Over the next few years, this non-co-operation strategy turned out to be a major weakness for Apple.
Battle with Microsoft
Although the Mac had some initial success, its software was threatened by the introduction of Windows 1.0
from the rival company Microsoft, whose chief executive was the well-known Bill Gates. Microsoft’s strategy
was to make this software widely available to other computer manufacturers for a licence fee – quite unlike
Apple. A legal dispute arose between Apple and Microsoft because Windows had many on-screen similarities
to the Apple product. Eventually, Microsoft signed an agreement with Apple saying that it would not use Mac
technology in Windows 1.0. Microsoft retained the right to develop its own interface software similar to the
original Xerox concept. Coupled with Microsoft’s willingness to distribute Windows freely to computer
manufacturers, the legal agreement allowed Microsoft to develop alternative technology that had the same
on-screen result. The result is history. By 1990, Microsoft had developed and distributed a version of Windows
that would run on virtually all IBM-compatible personal computers.
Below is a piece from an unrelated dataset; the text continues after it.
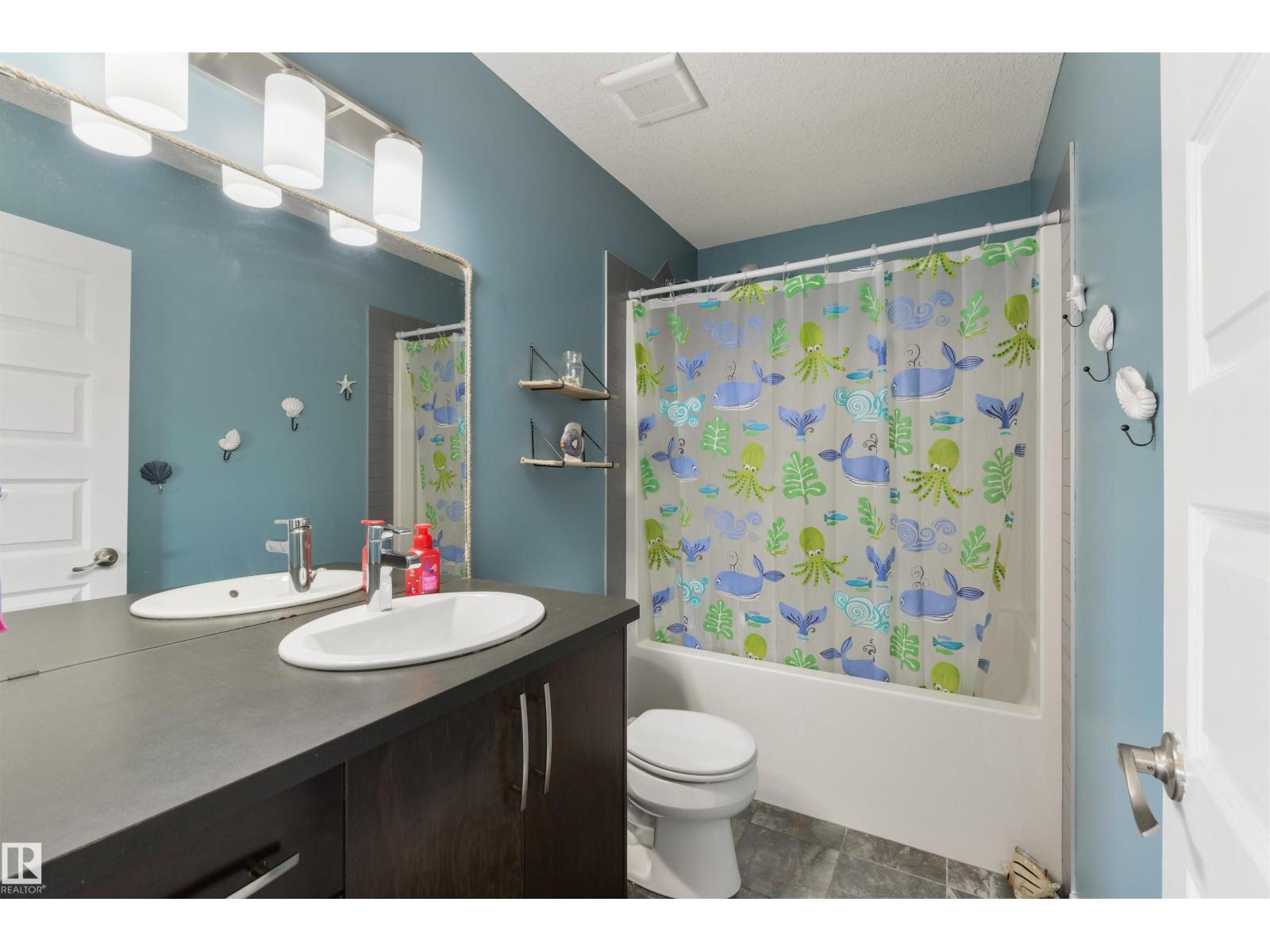 119 BRICKYARD PL, Stony Plain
Apple’s strategy of keeping its software
exclusive was a major strategic mistake. The company was determined to avoid the same error when it came to
the launch of the iPod and, in a more subtle way, with the later introduction ofthe iPhone.
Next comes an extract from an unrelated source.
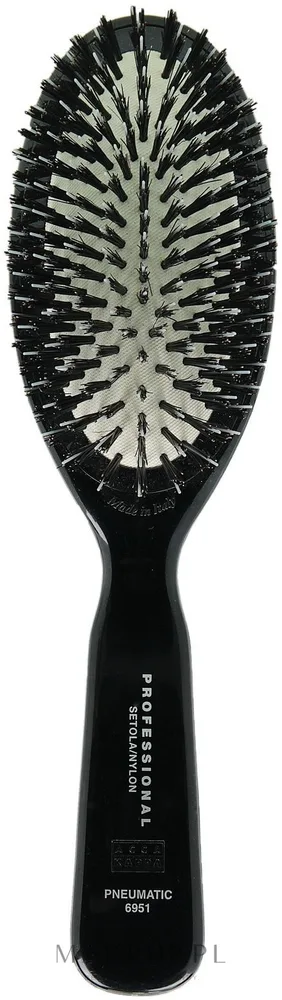 Пневматическая щётка для волос Acca Kappa Pneumatic 22,5 см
Apple’s move into consumer electronics
Around the year 2000, Apple identified a new strategic management opportunity to exploit the growing
worldwide market in personal electronic devices – CD players, MP3 music players, digital cameras, etc. It would
launch its own Apple versions of these products to add high-value, user-friendly software. Resulting products
included iMovie for digital cameras and iDVD for DVD-players. But the product that really took off was the iPod
the personal music player that stored hundred s of CDs. And unlike the launch of its first personal computer,
Apple sought industry co-operation rather than keeping the product to itself. Launched in late 2001, the iPod
was followed by the iTunes Music Store in 2003 in the USA and 2004 in Europe – the Music Store being a most
important and innovatory development. iTunes was essentially an agreement with the world’s five leading
record companies to allow legal downloading of music tracks using the internet for 99 cents each. This was a
major coup for Apple – it had persuaded the record companies to adopt a different approach to the problem of
music piracy. At the time, this revolutionary agreement was unique to Apple and was due to the negotiating
skills of Steve Jobs, the Apple chief executive, and his network of contacts in the industry.